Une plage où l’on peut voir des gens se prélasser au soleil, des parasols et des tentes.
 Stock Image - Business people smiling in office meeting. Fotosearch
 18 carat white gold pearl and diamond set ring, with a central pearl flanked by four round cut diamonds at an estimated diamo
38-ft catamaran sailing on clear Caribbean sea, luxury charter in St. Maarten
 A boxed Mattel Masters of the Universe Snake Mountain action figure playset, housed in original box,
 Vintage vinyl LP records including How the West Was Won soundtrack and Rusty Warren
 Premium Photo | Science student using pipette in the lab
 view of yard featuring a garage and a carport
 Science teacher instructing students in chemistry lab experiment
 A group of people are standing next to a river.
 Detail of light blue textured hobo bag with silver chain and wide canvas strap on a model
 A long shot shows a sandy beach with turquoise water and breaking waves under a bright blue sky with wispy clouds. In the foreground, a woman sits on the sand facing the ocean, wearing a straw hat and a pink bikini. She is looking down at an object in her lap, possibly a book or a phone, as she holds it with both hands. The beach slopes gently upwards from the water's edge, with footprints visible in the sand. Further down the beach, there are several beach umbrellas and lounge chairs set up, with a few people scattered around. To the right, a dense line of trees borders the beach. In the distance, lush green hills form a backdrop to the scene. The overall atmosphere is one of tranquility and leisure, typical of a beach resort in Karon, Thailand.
+---+
Restate word for word the lines in the material above from the one with "Science teacher instructing" to the one with "Detail of light"; both of those lines count, and nothing else does.

 Science teacher instructing students in chemistry lab experiment
 A group of people are standing next to a river.
 Detail of light blue textured hobo bag with silver chain and wide canvas strap on a model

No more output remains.